I note, for example, that having selected flights and agreed T&Cs, etc, they _automatically_ add a €7.50 charge per person for insurance which you have to consciously remove. I think this is a bit sharp and I'm sure many a person has been caught out. No doubt AL have done their sums.

The bit that cracks me altogether though is having to pay extra for a seat allocation - minimum €3, max €10. I tried to finalise booking without selecting seats but it wouldn't allow me do so.

Whatever about the insurance scam, surely the €3 charge, if it's unavoidable, should be incorporated into the regular price. 
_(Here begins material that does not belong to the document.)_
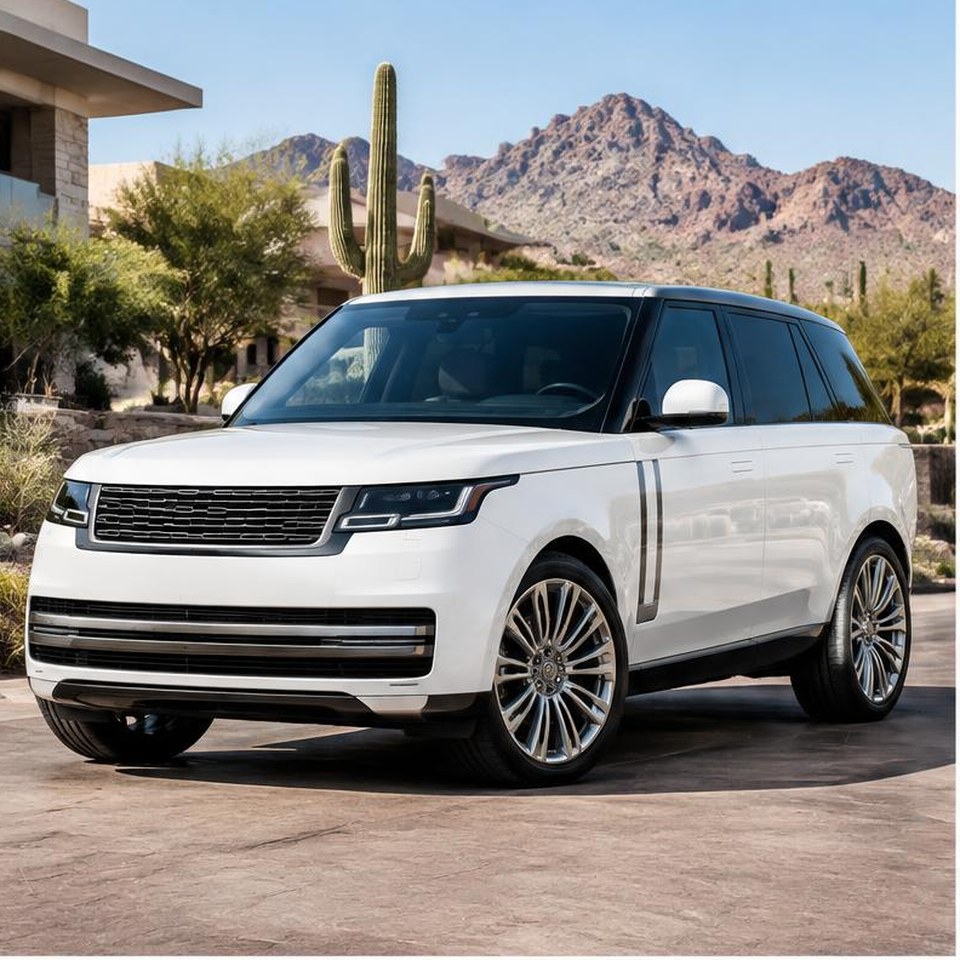 2024 Range Rover SV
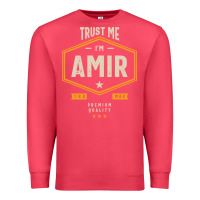 Cardinal Amir Personalized Name Birthday Gift Premium Sweatshirt - artisFamous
Is this a further "cheapening" of a once-proud airline?


----------



## MugsGame (6 Sep 2007)

> I note, for example, that having selected flights and agreed T&Cs, etc, they automatically add a €7.50 charge per person for insurance which you have to consciously remove. I think this is a bit sharp and I'm sure many a person has been caught out.



Ryanair do the same. I'm sure they would argue this is for the protection of the consumer, seeing as they are both budget point to point airlines (at least within Europe). 



> I tried to finalise booking without selecting seats but it wouldn't allow me do so.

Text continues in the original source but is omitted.